And that creates difficulty.
There were a number of problems about the tweet that appeared on Frontline on Monday night.
Firstly, it came from a fake account. I tried to trace back its origins. The first tweet is from October 1 having a lash at Michael McDowell. It contains lots of retweets. It’s clear that the person, (or group) is a true green SFer who follows all SF tweets. The branding of the twitter along with the reference to Martin McGuinness’s website makes it look authenitic. As Naoise Nunn commented this twitter (@McGuinness4Pres) sounds more legitimate than the real one (@martin4prez2011).
So to the second point. It wasn’t the official Twitter site. Yet it duped lots of tweeters who once they saw it retweeted,. And some claimed SF had “confirmed” a press conference with Hugh Morgan the next day.
So they essentially authenticaed a fake.
The third point was that the Frontline team decided that Pat Kenny would read it out live on air on Monday night.
That for me was the most serious implication, and worrying development.
I have been on to RTE about this and they didn’t come back with any offical, or satisfactory, response. It seems that the broadcaster has no protocol for handling tweets. But it’s my contention that they should. And it would be dangerous for the broadcaster to allow an incident like this to be repeated.
I know it’s live television and some decisions have to be made on the spur of the moment. But this one was wrong. One of the defences that it might proffer that it wasn’t presented as a fact but as a question and put to Martin McGuinness to authenticate it.
But McGuinness was in no position to authenticate it. He didn’t have a clue where this came from. If that defence was to succeed, he would have had to reply: That is untrue and that is a fake. Instead, he used it as another opportuntiy to attack Gallagher.
Instead, the tweet was presented to Sean Gallagher as a fact and he was thrown by it.
Now, there have been lots of arguments that the end justifies the means and false and all as the tweet was, it exposed Gallagher as being economical with the verite about his involvement with Fianna Fail.
In general, I believe Gallagher’s line about being a footsoldier was a load of phooey. And actually Colm Keena’s story about his director’s loan in Beach House raised very serious questions about his credibility, that he failed to answer. He did not convince people that he could live up to the very high standards we should expect of a president.
But on this one particular point, I actually believe Gallagher on the one net point, that he didn’t collect €5,000 off Hugh Morgan. A lot of my colleagues have been saying, ah sure it doesn’t matter, he had his fingerprints all over that Fianna Fail fundraiser.
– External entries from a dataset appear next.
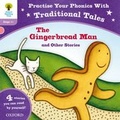 Cover: Oxford Reading Tree: Level 1+: Traditional Tales Phonics The Gingerbread Man and Other Stories - Oxford University Press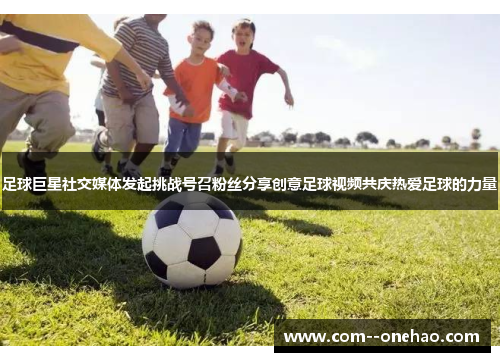 足球巨星社交媒体发起挑战号召粉丝分享创意足球视频共庆热爱足球的力量
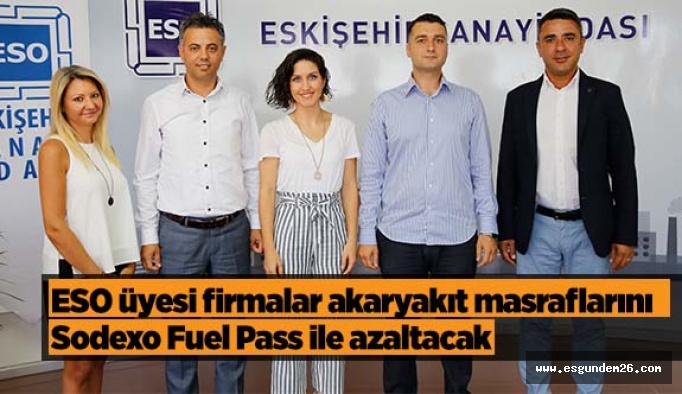 ESO Üyesi Firmalar Akaryakıt Masraflarını Sodexo Fuel Pass ile azaltacak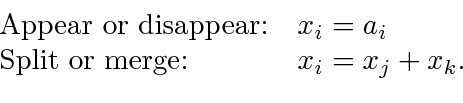 \begin{displaymath}\begin{array}{ll} \textrm{Appear or disappear:} & x_i = a_i \textrm{Split or merge:} & x_i = x_j + x_k. \end{array}\end{displaymath}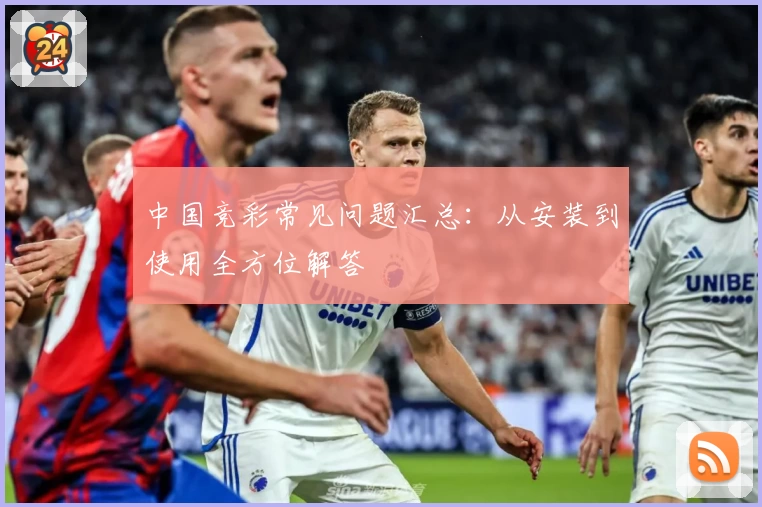 中国竞彩常见问题汇总：从安装到使用全方位解答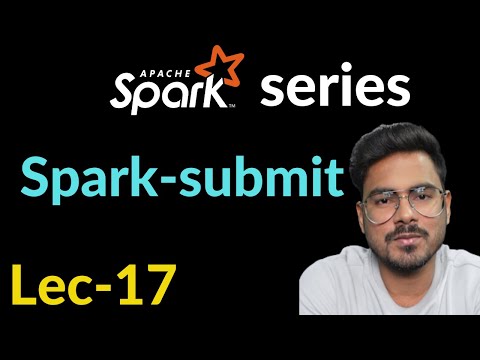Spark Submit | Lec-17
He might have had. But the central claim made by McGuinness was that Gallagher had personally collected the five grand. That’s what really did the damage. As well as Gallagher’s idiotic phraseology and his reference to an ‘envelope’. But it emerged the following day that the money was collected before the event, so McGuinness’s claim could not stand up. He then said that he made a mistake, and that Gallagher had gone to Morgan not once but twice, once before and once after. Gallagher never denied he gave the photo to Morgan but always denied taking money. The ‘envelope’ reference was forced on the back of the false tweet, when he was momentarily thrown by a new allegation that he collected the money afterwards, not before.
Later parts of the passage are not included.